Cuidado en el chiringuito: así puedes evitar la estafa del código QR en la playa

Los ciberdelincuentes aprovechan que mucha gente está más relajada y un poco despistada durante sus vacaciones para llevar a cabo todas sus fechorías. 

Irse de vacaciones suele ser sinónimo de chiringuitos, playa y descanso. Sin embargo, es en esta época del año cuando más activos están los ciberdelincuentes. No solo por las habituales estafas que llegan a los teléfonos o los correos de los usuarios, sino también por una amenaza cada vez más común: los códigos QR fraudulentos, presentes también en chiringuitos y otros sitios vacacionales. 

De hecho, son varios ya los periodos estivales en los que esta práctica se ha vuelto casi cotidiana. Tanto, que en el pasado la propia Policía Nacional tuvo que utilizar sus redes sociales para advertir a los ciudadanos de que se anduviesen con cuidado. Esta temporada veraniega el problema no solo no ha desaparecido, sino que todo sugiera que se ha potenciado. 

La estafa del código QR, un peligro del verano

La estafa en cuestión no es ni mucho menos nueva. Su funcionamiento siempre es el mismo. Los delincuentes crean un código QR malicioso que, al escanearse, dirige al usuario a una página fraudulenta. Allí pueden pedir datos bancarios, simular plataformas de pago, robar credenciales o incluso instalar software espía. En realidad, puede ocurrir en cualquier parte.

¿Por qué entonces los expertos ponen especial énfasis en tener cuidado durante el verano? Pues porque es principalmente en entornos como la playa o los chiringuitos, donde las personas se encuentran más relajadas y confiadas, y por lo tanto este tipo de timos pueden pasar desapercibidos con más facilidad. Los estafadores lo saben, y actúan en consecuencia en el periodo estival. 

Los lugares turísticos como chiringuitos, terrazas o bares junto al mar suelen utilizar códigos QR para evitar el uso de cartas físicas.

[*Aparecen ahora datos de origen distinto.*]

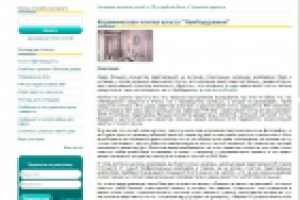 Статья про керамическую плитку FAP Sole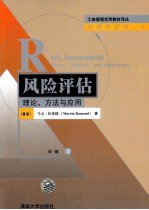 管理学系列  工商管理优秀教材译丛  风险评估  理论方法与应用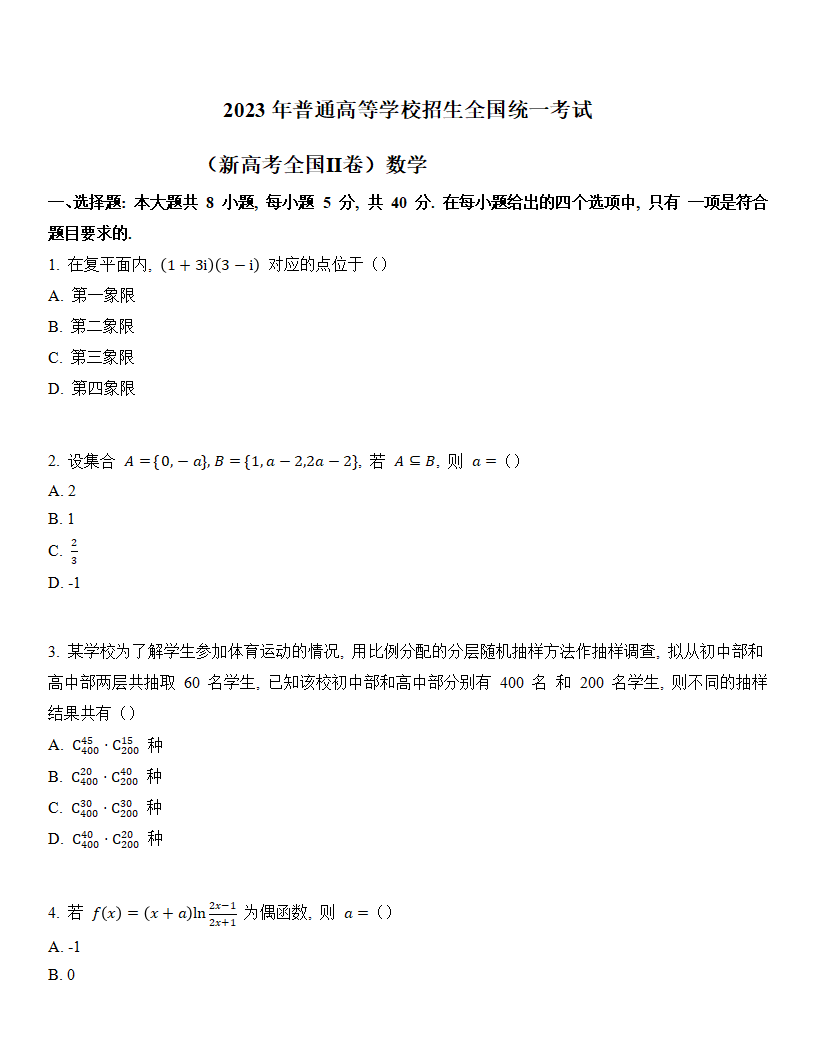 2024年高考數學試卷真題及答案解析(新高考二卷)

En muchos casos, estos códigos están impresos y colocados en mesas, sombrillas o paredes, muchas veces poco vigiladas por los propios dueños. Es suficiente con que un timador espabilado pegue una pegatina falsa enfrenta para que la trampa esté lista.

De hecho, los ladrones saben perfectamente lo que se hacen. No es casualidad que actúen en estos entornos relajados. Mucha gente suele actuar en vacaciones con una menor atención a los detalles: el calor, la prisa, la falta de conexión Wi-Fi o el simple deseo de evitar complicaciones hacen que muchos usuarios escaneen los códigos sin fijarse mucho en lo que hacen.

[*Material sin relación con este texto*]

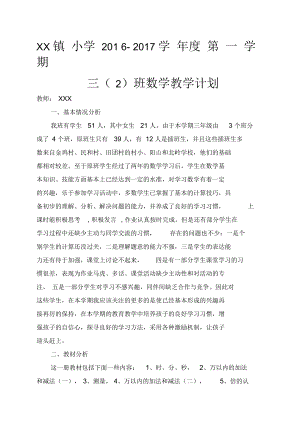 人教版三年级上册数学教学计划及进度表.docx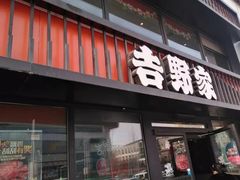 门面-吉野家(枫合万嘉店)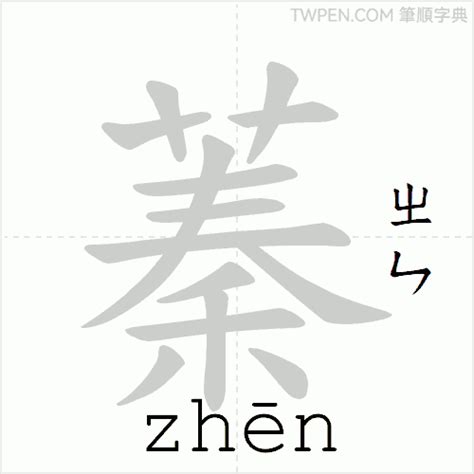 蓁筆畫|蓁的筆順 國字「蓁」筆畫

De la ciudad a la playa… una estafa sin fronteras

Diversas organizaciones de ciberseguridad, como el INCIBE (Instituto Nacional de Ciberseguridad de España), han alertado sobre el uso creciente de códigos QR en estafas. Es cierto que muchas de estas advertencias están orientadas a lo que vienen siendo las ciudades, o los ambientes de oficina, pero cada vez más se pone el foco en su uso en la hostelería y el turismo.

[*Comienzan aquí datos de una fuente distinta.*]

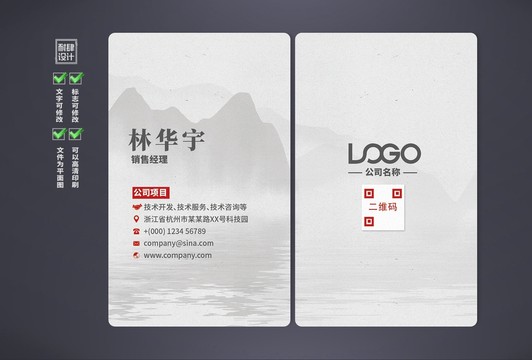 名片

En cualquier caso, sus recomendaciones son siempre las mismas: fíjate bien en el enlace al que te envía un código QR antes de aceptarlo, y si tienes cualquier duda, pregunta al personal. En este caso, del hotel, el bar, el chiringuito o donde sea que estés. Además, para pagar un menú o algo así nunca se te pedirán datos personales o bancarios. Si sucede, sospecha desde el primer momento.